Pioneering family’s final farewell
Les Henderson passes away
The last member of a pioneering Maniototo family was laid to rest just a few hundred metres from the property he had called home for many years. There were no offspring from any of the six children born into this branch of the Henderson family who had arrived to break in some very raw country more than 100 years ago. ‘‘Young’’ Les Henderson was a man not given to public accolade, he preferred to work behind the scenes and help people in the Maniototo in whichever way he could. It was something he had done all his life in the area he had been part of all his life. One of his last tasks was on April 21 to unveil the plaques at the former Blackstone School which closed in 1949, the plaques marking the contribution he and Chubby Clark had played a part in keeping the historic school for the community, the school where Les and his brothers and sisters had attended all those years ago.

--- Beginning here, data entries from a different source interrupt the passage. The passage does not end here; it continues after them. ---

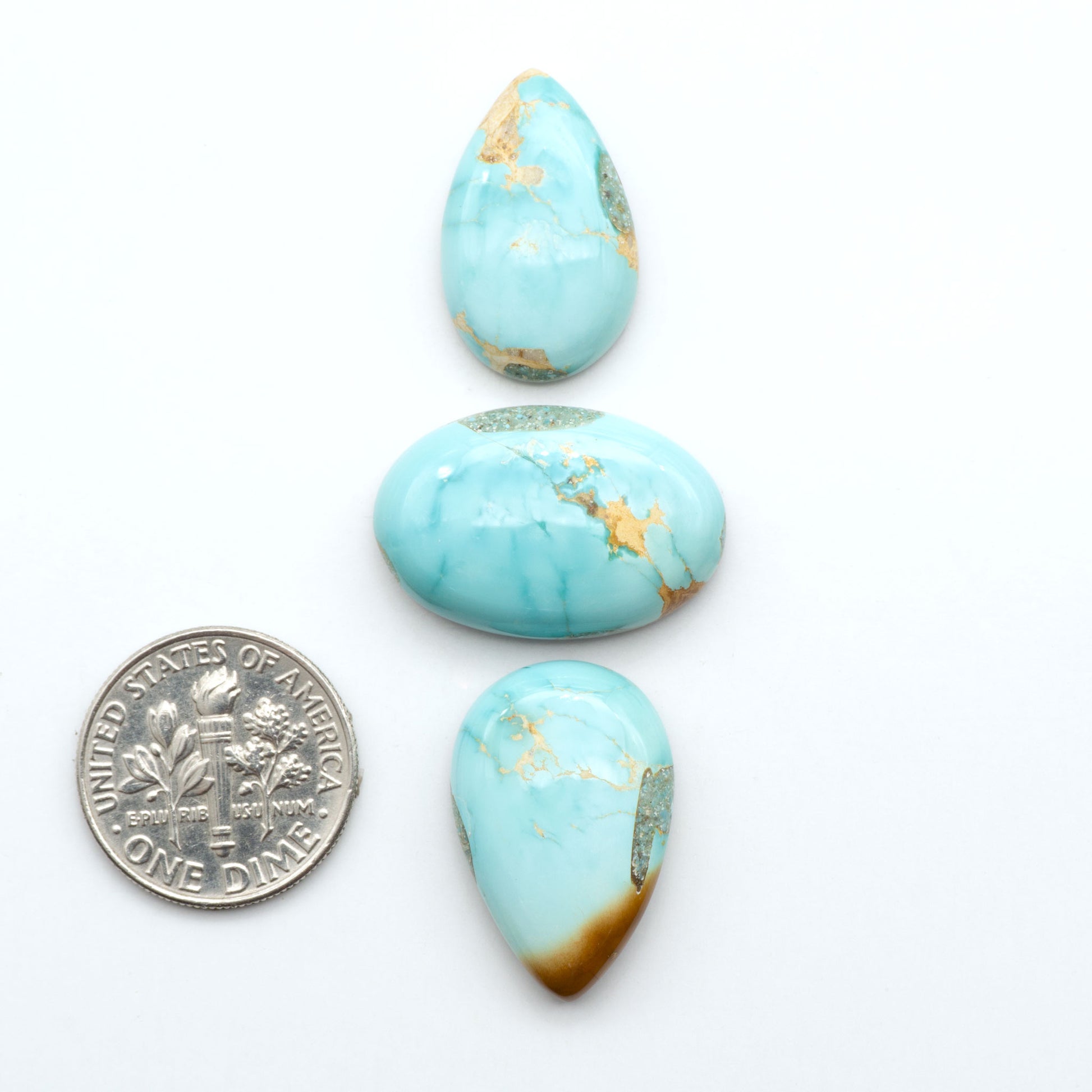 Royston Turquoise cabochons, blue-green color with natural matrix, polished stones on a white background, with a US dime for scale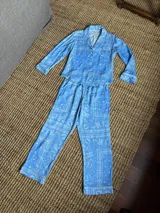 Pijama de algodón con estampado abstracto en tonos celestes, violetas y verde oliva, compuesto por una camisa de manga larga con botones y cuello solapa, y un pantalón largo de corte recto con elástico en la cintura.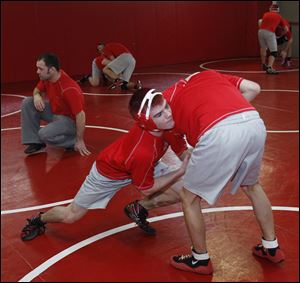 Mitch Pawlak, left, and Mitch Rogaliner practice against each other. Pawlak is ranked No. 5 at 119 pounds. Rogaliner, is ranked No. 1 at 112 and looking for his second state title.
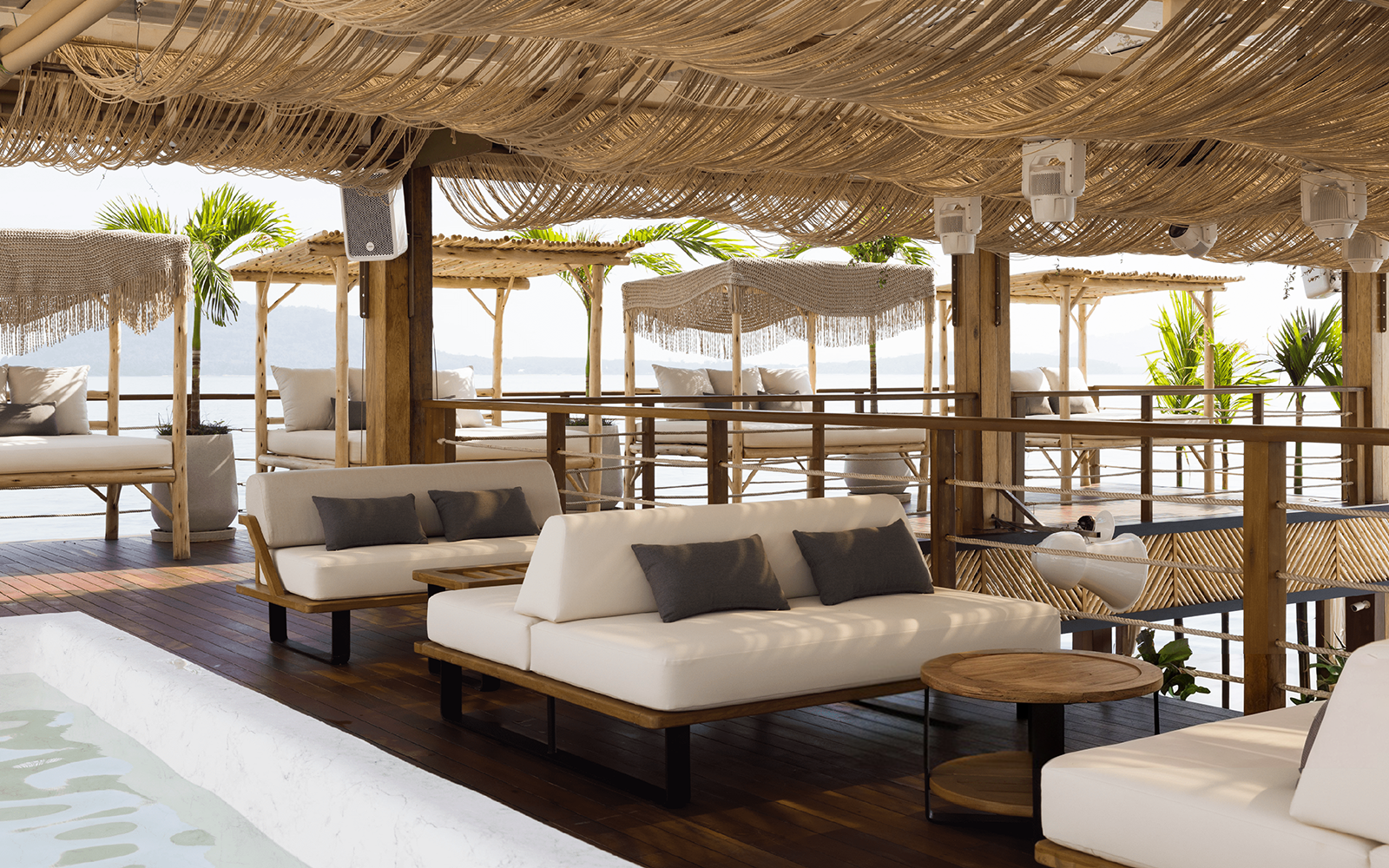 Sunset terrace at Yona Beach Club in Phuket with lounge seating and ocean view.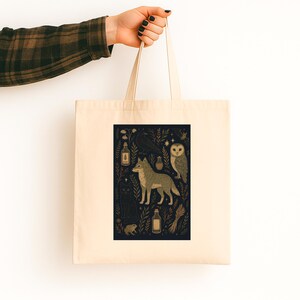 May include: Cream-colored tote bag featuring a dark blue graphic with gold and cream illustrations. The design includes a wolf, owl, raven, cat, and bottles. The bag is held by a person with a plaid sleeve and black nail polish.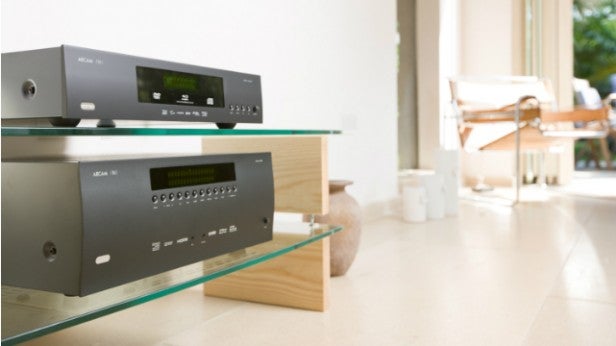 Arcam AVR450Audio equipment on living room shelf with modern design.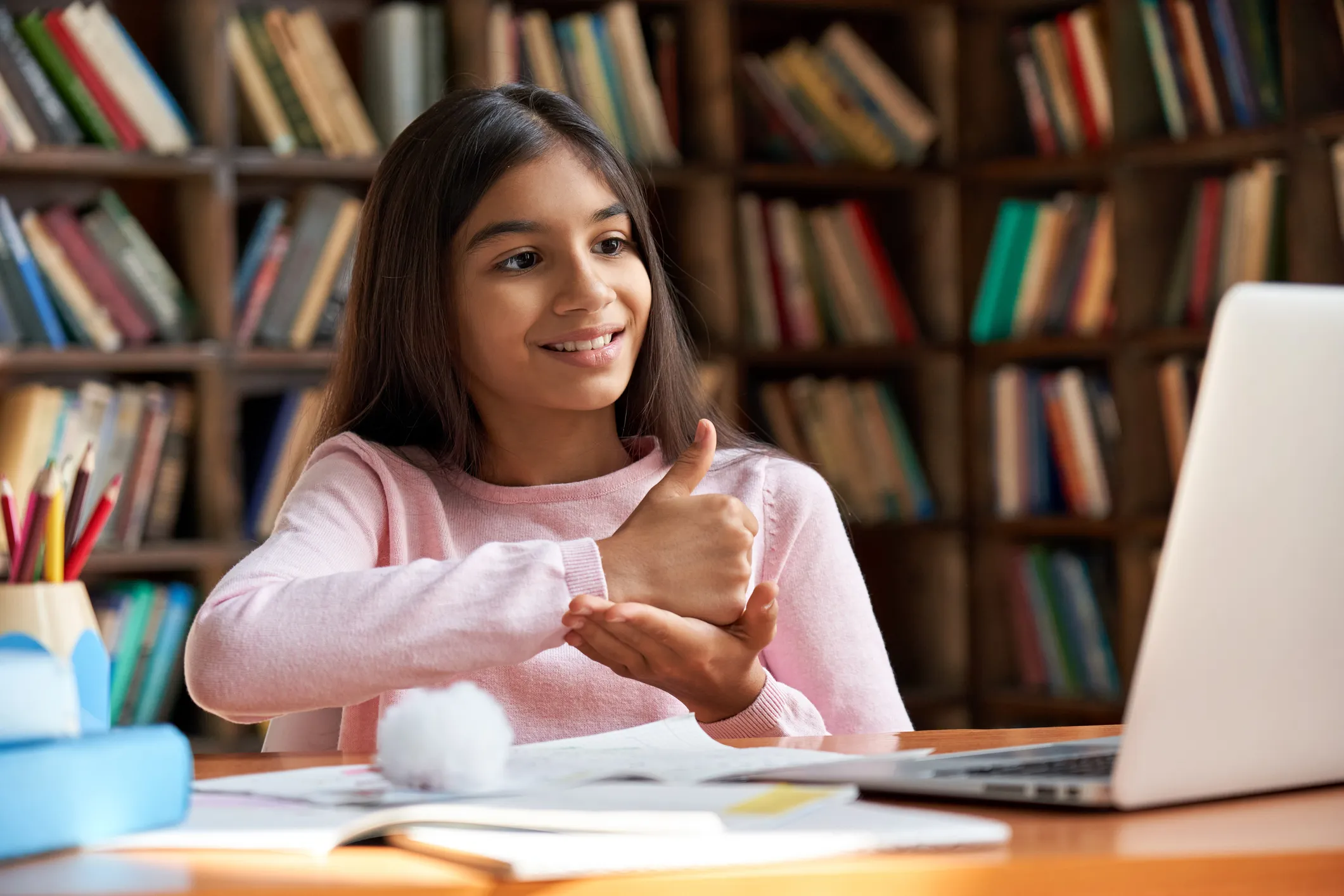 Child using sign language to communicate during an online meeting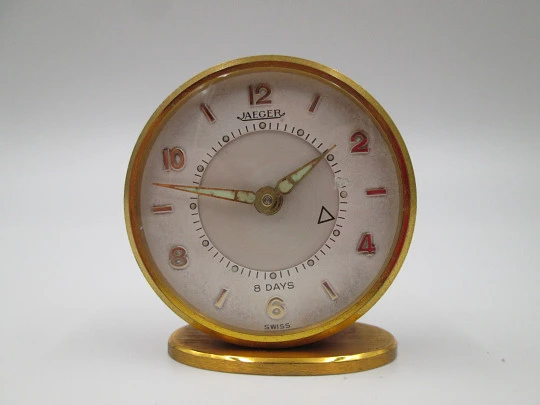 Jaeger travel desk alarm clock. Bronze and red enamel. 8 day wind-up caliber. Swiss. 1970's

Les, sister Margaret and brother Norman had formed a tight knit unit in breaking in their property, adapting any machinery at hand to carry out the work. Neighbour Brian McSkimming was most grateful for his help, saying Les had completed almost three quarters of the common fence line, telling him to ‘‘finish the rest when you can’’. ‘‘That meant a lot to us just starting out.’’ Ranfurly businesspeople could set their watches on a Friday morning by the Hendersons coming to town to do their messages. A cup of tea at the Centennial Milkbar was always part of it and let nothing disturb it, including a fire in the chip vat which the firemen put out while the threesome finished their refreshments. ‘‘The last call was always the chemist and anyone knew they could arrange to have parcels left there for Les to drop off on the way home and they would always be there before midday’’ said friend Ken Gillespie. His love of all things astrological and weather watching was well known, with many a prediction being more accurate than the official ones. With just annual trips to the Tekapo sale to buy replacement stock, and to Dunedin when the wool clip was sold, Mr Henderson had never travelled north of the Waitaki before he turned 60, but had enjoyed a new lease of life when he married Gaynor in 2006, leaving the Maniototo to settle in Mosgiel. Celebrant Helen Wallis summed up Mr Henderson with the words, farmer, faith, frankness, fortitude and family; each striking a chord in those who came to say farewell.
Pioneer: Les Henderson, farmer, faith, frankness, fortitude and family.